This viaduct was the site of the construction of the Lavalin Skytrain project, which was the first electric train line of Bangkok. The construction route had been studied since 1979 until the construction contract was signed in 1990. After only 2 years, Lavalin Company was facing financial problems so the project had to be abandoned, leaving only the bridge. Subsequently, Bangkok Metropolitan Administration teamed up with the Urban Design and Development Center (UDDC), as well as the Office of the Health Promotion Fund and Chulalongkorn University to develop the landscape in the Kudi Chin area to the Khlong San area.

Therefore, there developed a project to renovate the remains of this abandoned viaduct to be a public park in the middle of the river. It was designed by N7A, in charge of architecture, and Land Process, in charge of landscape architecture, which was originally named Phra Prajadhipok Bridge Sky Park.
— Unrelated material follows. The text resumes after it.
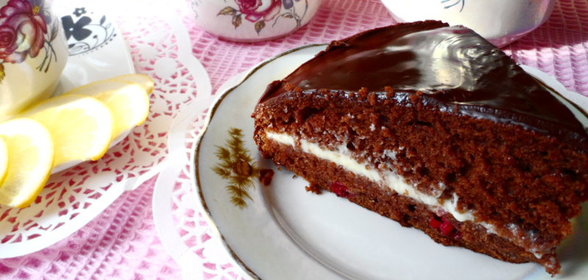 Шоколадно-клюквенный торт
It was later forwarded to Bangkok in 2018 by SGR Company, which bid for the project at a price of 122 million baht. The project was constructed in March 2019 and the contract expired in March 2020. Bangkok Metropolitan Administration organized a contest to name this park in the middle of the river again. The name that won the contest was "Chao Phraya Sky Park" and the park officially opened on June 25, 2020.

== Design ==
An architect from N7A named Mr. Chakdao Navacharoen said the initial issue was quite challenging. The first building was constructed for the electric train project. The first drawback is that the project's placement is between a driveway with three lanes on both sides, making the bridge's walkway extremely small. However, the project's location is a benefit. Although it is obstructed by traffic on the Phra Pok Klao Bridge, it is still possible to see both the Memorial Bridge and Wat Arun.

== Location ==
The Chao Phraya Sky Park located in the middle between 2 lanes of Phra Pok Klao Bridge.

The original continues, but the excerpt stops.